### [Exercise aim]
For this exercise, reproduce the entries below exactly, but only from the line containing "tieu hoc noi tru vung bien anh 40" through the line containing "ویترین آرایشگاه و", both included.

(Stored entries)
◆ ◆ ◆ ◆ ◆
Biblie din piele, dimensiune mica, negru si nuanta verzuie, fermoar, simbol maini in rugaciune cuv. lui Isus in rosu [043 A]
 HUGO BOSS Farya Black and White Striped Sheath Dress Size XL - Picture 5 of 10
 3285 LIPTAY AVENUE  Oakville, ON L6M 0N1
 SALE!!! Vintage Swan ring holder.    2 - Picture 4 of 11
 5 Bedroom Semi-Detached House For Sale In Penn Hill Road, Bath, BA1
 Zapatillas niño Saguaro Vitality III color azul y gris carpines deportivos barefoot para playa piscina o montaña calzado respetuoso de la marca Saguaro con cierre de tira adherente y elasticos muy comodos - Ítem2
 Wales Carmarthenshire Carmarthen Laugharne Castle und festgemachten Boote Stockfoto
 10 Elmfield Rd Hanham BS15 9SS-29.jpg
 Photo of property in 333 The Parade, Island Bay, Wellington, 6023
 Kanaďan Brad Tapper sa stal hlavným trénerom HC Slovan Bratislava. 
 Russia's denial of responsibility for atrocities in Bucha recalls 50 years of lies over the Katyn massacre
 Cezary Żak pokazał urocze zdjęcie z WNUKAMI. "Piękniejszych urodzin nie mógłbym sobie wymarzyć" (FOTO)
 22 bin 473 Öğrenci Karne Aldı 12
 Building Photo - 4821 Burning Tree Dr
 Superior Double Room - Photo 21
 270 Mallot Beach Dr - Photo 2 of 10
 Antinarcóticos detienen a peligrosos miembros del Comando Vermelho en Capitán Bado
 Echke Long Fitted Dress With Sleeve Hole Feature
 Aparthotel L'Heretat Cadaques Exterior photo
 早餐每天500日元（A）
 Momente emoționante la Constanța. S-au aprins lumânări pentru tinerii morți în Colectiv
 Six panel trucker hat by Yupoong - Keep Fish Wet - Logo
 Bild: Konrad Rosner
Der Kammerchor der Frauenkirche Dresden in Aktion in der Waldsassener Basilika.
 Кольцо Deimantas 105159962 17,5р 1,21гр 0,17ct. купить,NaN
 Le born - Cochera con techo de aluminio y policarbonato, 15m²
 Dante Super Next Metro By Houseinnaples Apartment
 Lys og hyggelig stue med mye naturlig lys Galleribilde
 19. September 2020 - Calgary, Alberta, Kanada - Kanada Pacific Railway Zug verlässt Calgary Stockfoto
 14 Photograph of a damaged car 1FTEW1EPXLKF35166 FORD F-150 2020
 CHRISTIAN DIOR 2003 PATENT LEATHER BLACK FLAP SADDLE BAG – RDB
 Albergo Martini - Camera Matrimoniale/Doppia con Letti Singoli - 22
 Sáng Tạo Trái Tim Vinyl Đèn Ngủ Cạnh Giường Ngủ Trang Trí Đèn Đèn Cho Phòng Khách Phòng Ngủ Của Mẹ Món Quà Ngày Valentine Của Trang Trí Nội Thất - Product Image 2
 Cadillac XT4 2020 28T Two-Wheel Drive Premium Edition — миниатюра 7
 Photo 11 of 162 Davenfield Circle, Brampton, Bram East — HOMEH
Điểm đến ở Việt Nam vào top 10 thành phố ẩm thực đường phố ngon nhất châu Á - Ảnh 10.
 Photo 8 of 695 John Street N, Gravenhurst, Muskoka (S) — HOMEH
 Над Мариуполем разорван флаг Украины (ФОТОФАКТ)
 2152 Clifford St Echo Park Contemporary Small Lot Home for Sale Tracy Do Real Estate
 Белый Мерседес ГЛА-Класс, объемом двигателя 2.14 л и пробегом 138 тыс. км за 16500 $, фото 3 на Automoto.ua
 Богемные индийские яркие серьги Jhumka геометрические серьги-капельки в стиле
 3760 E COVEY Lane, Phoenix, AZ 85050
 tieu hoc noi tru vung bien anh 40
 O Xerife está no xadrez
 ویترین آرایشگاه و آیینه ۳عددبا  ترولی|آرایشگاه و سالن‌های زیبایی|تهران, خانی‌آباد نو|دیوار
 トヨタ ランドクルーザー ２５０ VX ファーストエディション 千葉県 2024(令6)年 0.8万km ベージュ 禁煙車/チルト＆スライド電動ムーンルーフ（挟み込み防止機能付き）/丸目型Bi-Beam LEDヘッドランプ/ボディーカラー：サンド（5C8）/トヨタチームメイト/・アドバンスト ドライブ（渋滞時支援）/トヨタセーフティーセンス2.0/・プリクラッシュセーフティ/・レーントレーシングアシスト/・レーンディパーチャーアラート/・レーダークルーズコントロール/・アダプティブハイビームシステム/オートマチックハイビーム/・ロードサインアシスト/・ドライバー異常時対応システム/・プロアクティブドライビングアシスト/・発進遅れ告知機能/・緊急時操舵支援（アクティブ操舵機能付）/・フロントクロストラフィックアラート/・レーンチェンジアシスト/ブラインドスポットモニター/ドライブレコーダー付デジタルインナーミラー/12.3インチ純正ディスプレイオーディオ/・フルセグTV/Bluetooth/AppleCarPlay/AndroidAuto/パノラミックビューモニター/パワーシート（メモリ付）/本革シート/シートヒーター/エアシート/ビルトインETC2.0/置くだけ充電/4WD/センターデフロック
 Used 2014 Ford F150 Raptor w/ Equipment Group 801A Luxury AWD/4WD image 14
◆ ◆ ◆ ◆ ◆
### [Task solution]
 tieu hoc noi tru vung bien anh 40
 O Xerife está no xadrez
 ویترین آرایشگاه و آیینه ۳عددبا  ترولی|آرایشگاه و سالن‌های زیبایی|تهران, خانی‌آباد نو|دیوار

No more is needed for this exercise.